Tag Archives: james bond

You only write – Twice

James Bond CakePhil: At the moment, Candice and I are wrestling with at that difficult second novel. There’s new plotting and characters and locations to devise. While great fun, it’s also hard work.

On Sunday afternoon, thanks to ITV, I worked out where we are going wrong. Instead of writing a novel, we should write a James Bond film.

The film that inspired me is “The Spy Who Loved Me”. In this, a supervillan captures submarines and their crews from Russia and America in an oil tanker. His plan is to start a war between the superpowers that will leave him to launch a new world order.

Bond, dressed as Roger Moore, boards the tanker and frees the submarine crews who then attack a heavily fortified control room in their efforts to stop the war.

Sound familiar?

It does if you ever saw the film, “You Only Live Twice”. Here Bond, looking like Sean Connery, comes up against a supervillan who is capturing Russian and American spacecraft in order to start a war between the superpowers. He infiltrates the volcano lair with some Ninjas and they attack a heavily fortified control room in their efforts to stop the war.

OK you’re thinking. Similar plots but then this is a Bond film, not high art.

How about a company of supervillans stealing nuclear bombs and then holding the world to ransom with them?

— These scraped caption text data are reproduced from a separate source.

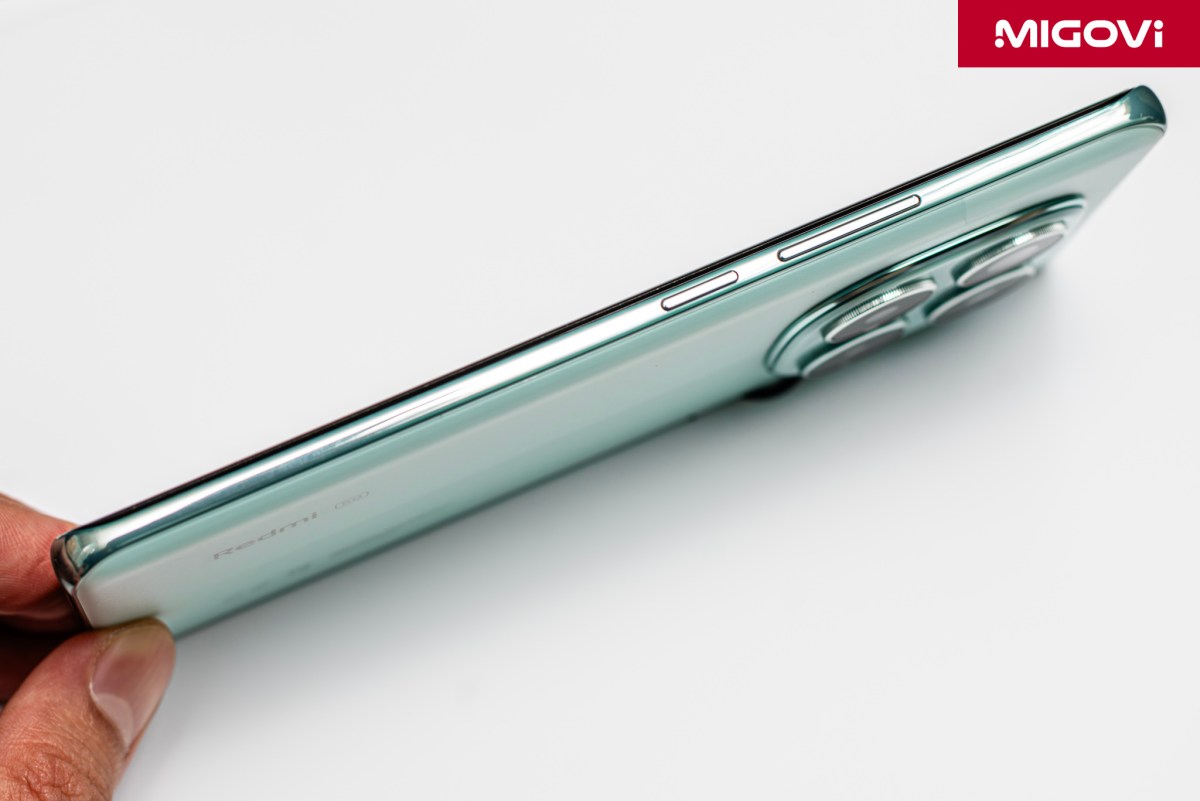 danh-gia-xiaomi-redmi-note-14-pro-5g-review-migovi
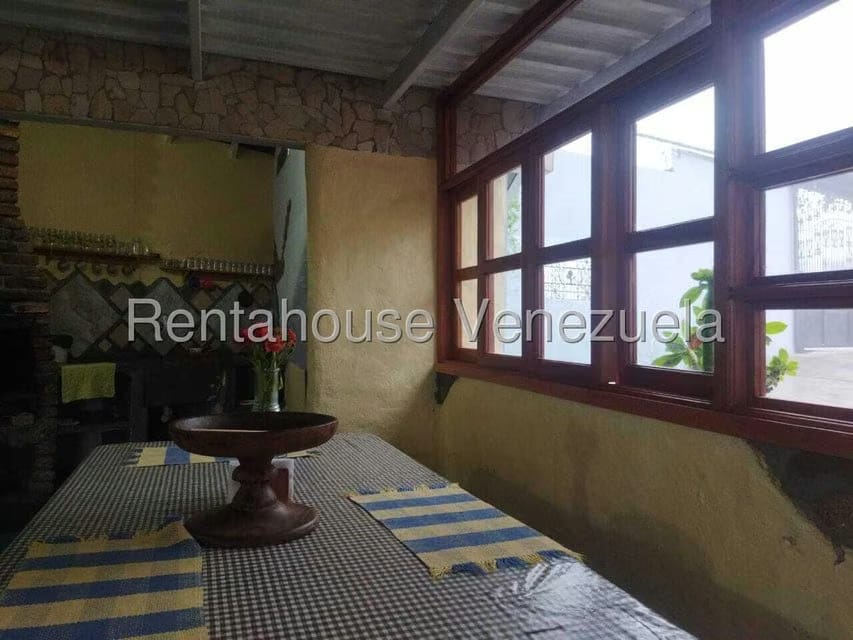 Comercial (Local Comercial) en Venta en Las Cuadritas, Merida - 50
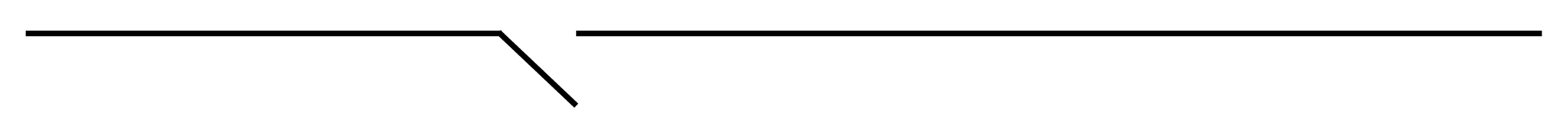 ダイニングの写真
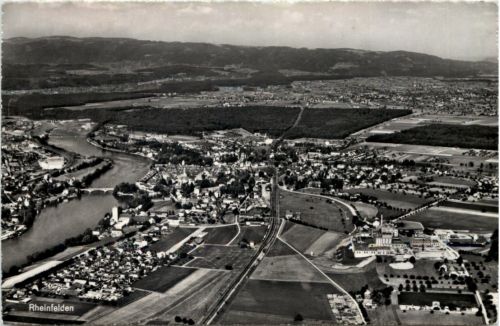 Rheinfelden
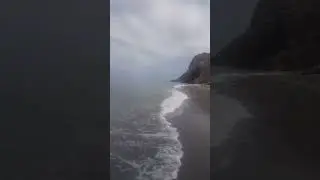 AZENTI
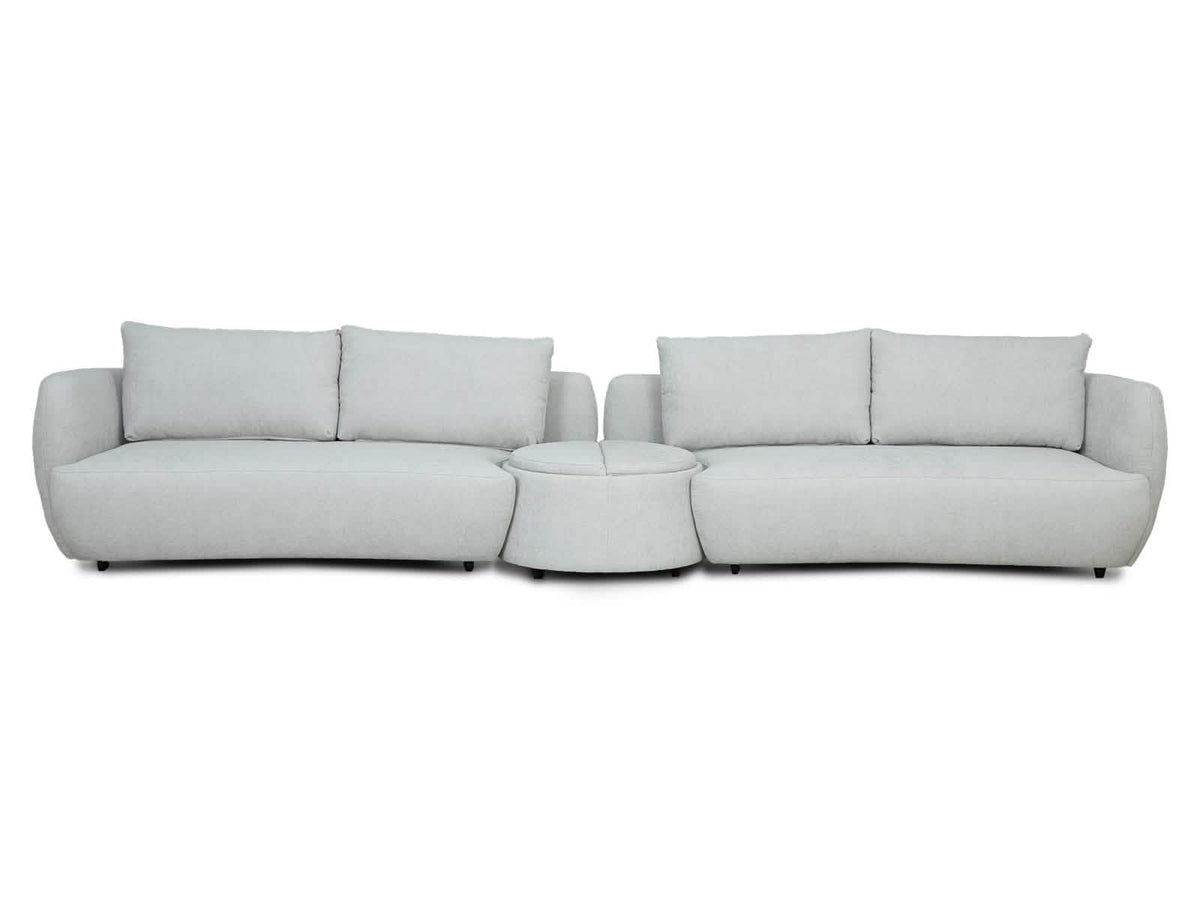 Sala Lotus #Color_Gainsboro"T37932"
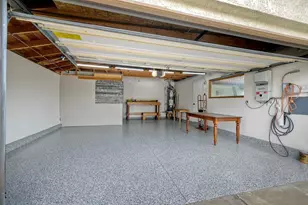 12539 Buckskin Trail, Poway, CA 92064 - Photo 17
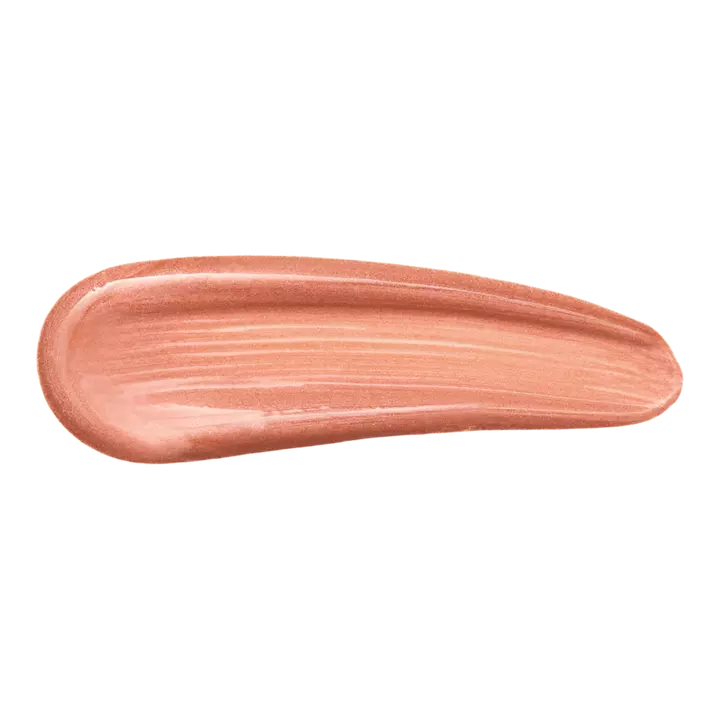Blush Tape Liquid Blush TARTE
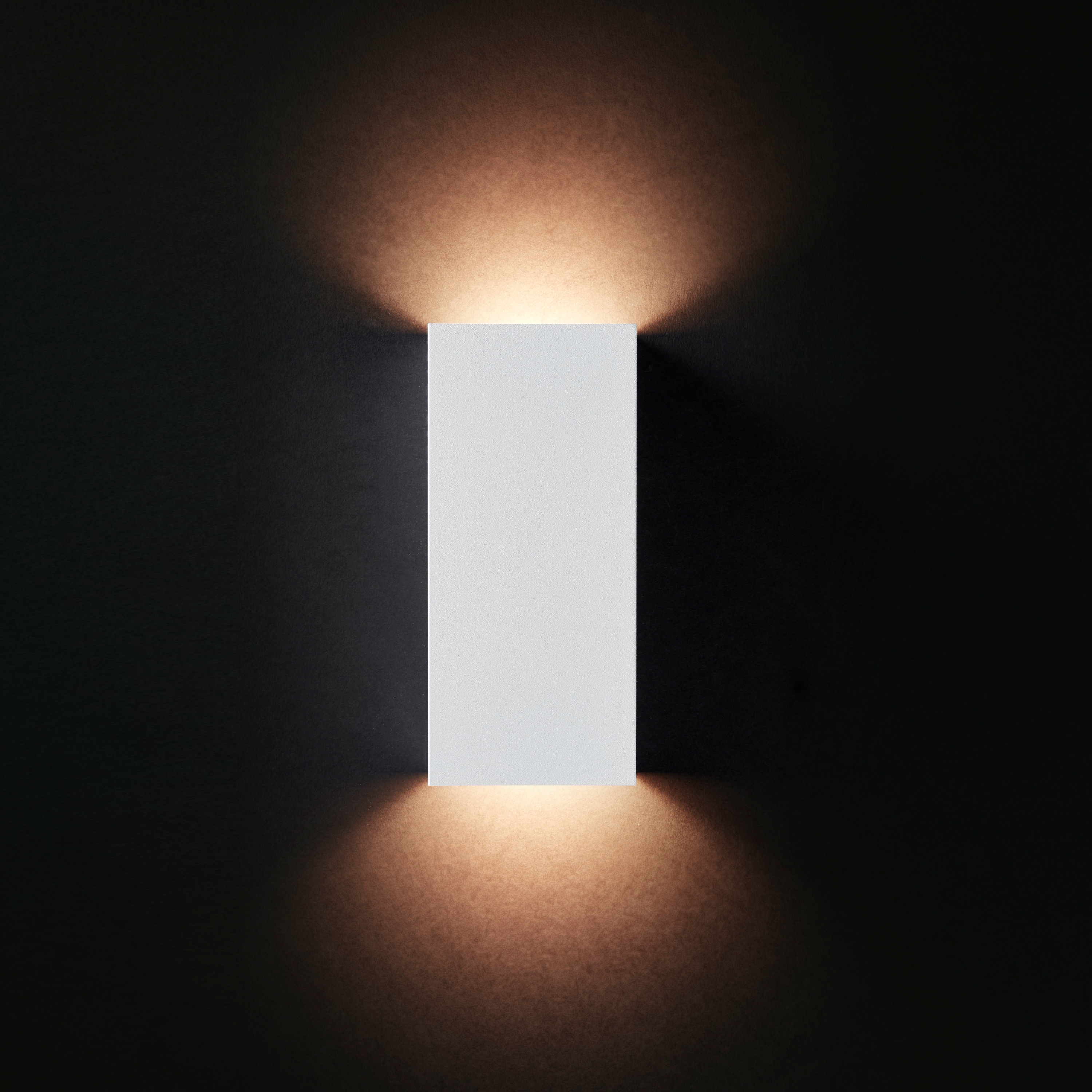 Mostrar el producto brick del fabricante tossB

As they say before the adverts on a daytime ITV show, which Bond film featured this plot?

A) Thunderball

B) Never Say Never Again

The correct answer is both.

In passing we might also mention the similarities between the room where Goldfinger reveals his plans for Fort Knox and Max Zorin’s version in “A View To A Kill” and that both see a meeting where someone who didn’t wish to take part in the plans finds themselves a bit dead a few minutes later.

All this makes me wonder if the Bond writers have plots written on Lego blocks. They simply shake the box, pull out half a dozen, clip them together and viola! A new film.

Pretty galling when you’ve spent hours wrestling with Post-It notes to devise something original for a book though.

(Please note: If you are in the market for writers for the next Bond film, you can contact us via the “About the Authors” tab above. Just saying. We’d take part of the fee in cake.)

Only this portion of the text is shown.